- TASK STATEMENT -
The data follows. Retype every entry exactly.

- INPUT FOR THIS TASK -
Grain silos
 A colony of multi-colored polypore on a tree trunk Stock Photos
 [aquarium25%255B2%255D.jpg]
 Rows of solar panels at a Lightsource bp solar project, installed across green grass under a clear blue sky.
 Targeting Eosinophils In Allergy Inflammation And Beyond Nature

- YOUR RESPONSE -
Grain silos
 A colony of multi-colored polypore on a tree trunk Stock Photos
 [aquarium25%255B2%255D.jpg]
 Rows of solar panels at a Lightsource bp solar project, installed across green grass under a clear blue sky.
 Targeting Eosinophils In Allergy Inflammation And Beyond Nature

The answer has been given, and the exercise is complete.